I just purchased a jet ski + trailer and was wondering if i could occasionally tow it with my cruze.

Has anybody towed frequently with the cruze with or without issues? Thank you.


----------



## Patman (May 7, 2011)

You probably get away with a jet ski + trailer but I wouldn't go much heavier than that. Not only the transmission but the small engines only have so much capacity also. Tread lightly!! So to speak.


----------



## BradHerr (Sep 29, 2013)

I plan on finding out! I put a hitch on mine and am building a trailer to haul some camping gear. Looking at 500-600 lbs for trailer and gear.


----------



## sciphi (Aug 26, 2011)

Dieselard said:


> How strong are these cruze transmissions for towing? The manual states you can tow up to 1,000 lbs but doesnt mean you should.
> 
> I just purchased a jet ski + trailer and was wondering if i could occasionally tow it with my cruze.
> 
> Has anybody towed frequently with the cruze with or without issues? Thank you.


That maximum capacity is assuming the car is totally unloaded. Anything that's in the car, and that includes driver/passengers, needs to be subtracted out from the 1000 lb capacity to determine how much the car can safely tow. The engine and transmission aren't the weak links. It's the brakes that are the limiting factor. The brakes are designed around a certain maximum weight for the car+cargo, no matter if it's towed or inside the car. Driver/passenger weight counts in that number, since weight is weight is weight as far as the brakes are concerned. 

For example, say you weigh 200 lbs (I don't know, I'm using 200 since it's easy to work with). 1000-200 = 800 lbs that can be towed behind the car. If your trailer and load weigh under that, it's good to go. But, if you want to bring your buddy who weighs 200 lbs also, 1000-400 = 600 lbs that can be behind the car. 

I've towed a 300 lb 4x8 utility trailer fairly lightly loaded (about 600-650 lbs including cargo) behind my Cruze on short highway runs. The engine/transmission handled it just fine. It wasn't a rocket, but it wasn't slow enough off the line to earn undying hatred of other drivers either. Most importantly, the car stopped just like it would when heavily loaded with stuff in the car.

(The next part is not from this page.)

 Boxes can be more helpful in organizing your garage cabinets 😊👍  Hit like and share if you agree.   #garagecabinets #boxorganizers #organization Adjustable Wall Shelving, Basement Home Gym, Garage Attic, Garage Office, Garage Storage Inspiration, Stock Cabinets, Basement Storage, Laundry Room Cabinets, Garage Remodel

Gas mileage was about 28 mpg with my Eco MT. I'm going to do some longer highway trips this summer to go camping and whatnot, so I'll have more experience than the 45 minutes or so I've towed with this car in a suburban/rural environment.


----------



## Dieselard (Jan 2, 2012)

Well the ski weighs around 500 lbs by its self, add gas and oil to this weight.
The trailer is around 200-250, so around 750-800 lbs towing weight 
I weight around 180 + my 120 lb girlfriend so we are over the weight limit already. I am nervous on going over the weight limit, anybody pull more?

The lake is 40 minutes to an hour away.


----------



## marden64 (Dec 1, 2013)

You should be ok with it. Just take it easy. No gun and run and watch it going up hills.


----------



## Dieselard (Jan 2, 2012)

Anybody know the hitch number that fits the 1LT cruze with RS package with hitch, ball, receiver and wiring harness?


----------



## BradHerr (Sep 29, 2013)

Dieselard said:


> Anybody know the hitch number that fits the 1LT cruze with RS package with hitch, ball, receiver and wiring harness?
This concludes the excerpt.